:: Work instruction ::
Pictures should be left out while the data beneath this task is written out word for word.

:: Given information ::
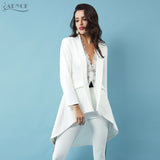 Casual Open Stitch Trench White Long Sleeve Dovetail Skirt Style Pleated Long Women Coats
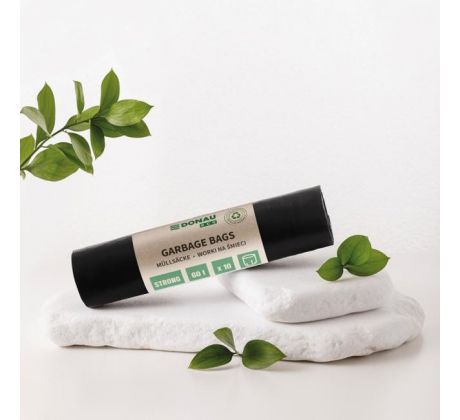 Vrecia DONAU ECO strong, 60 ℓ,30 mic, 10 ks, čierne, LDPE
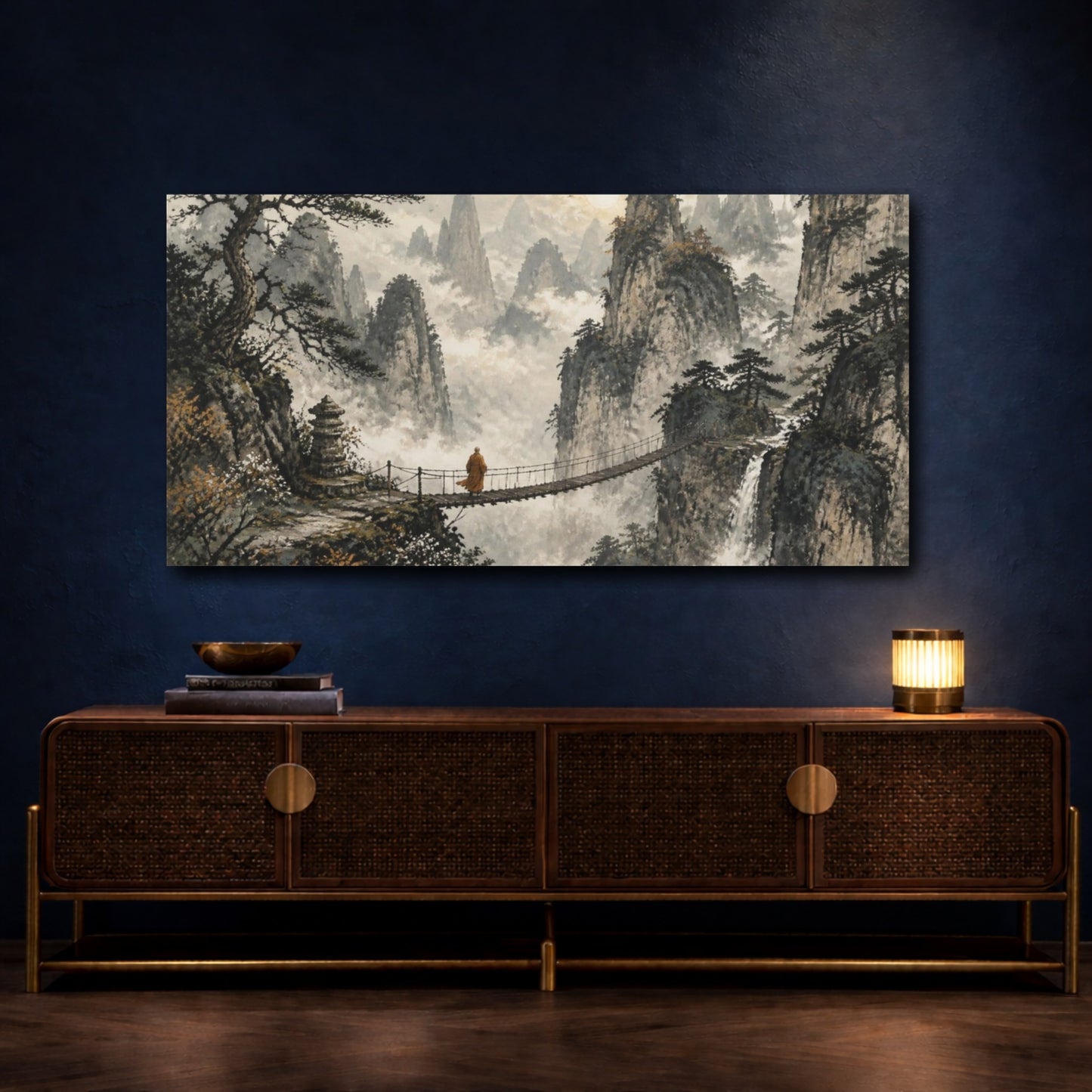 Mockup 4. Monk On Mountain Bridge shown as canvas print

:: Result below ::
 Casual Open Stitch Trench White Long Sleeve Dovetail Skirt Style Pleated Long Women Coats
 Vrecia DONAU ECO strong, 60 ℓ,30 mic, 10 ks, čierne, LDPE
 Mockup 4. Monk On Mountain Bridge shown as canvas print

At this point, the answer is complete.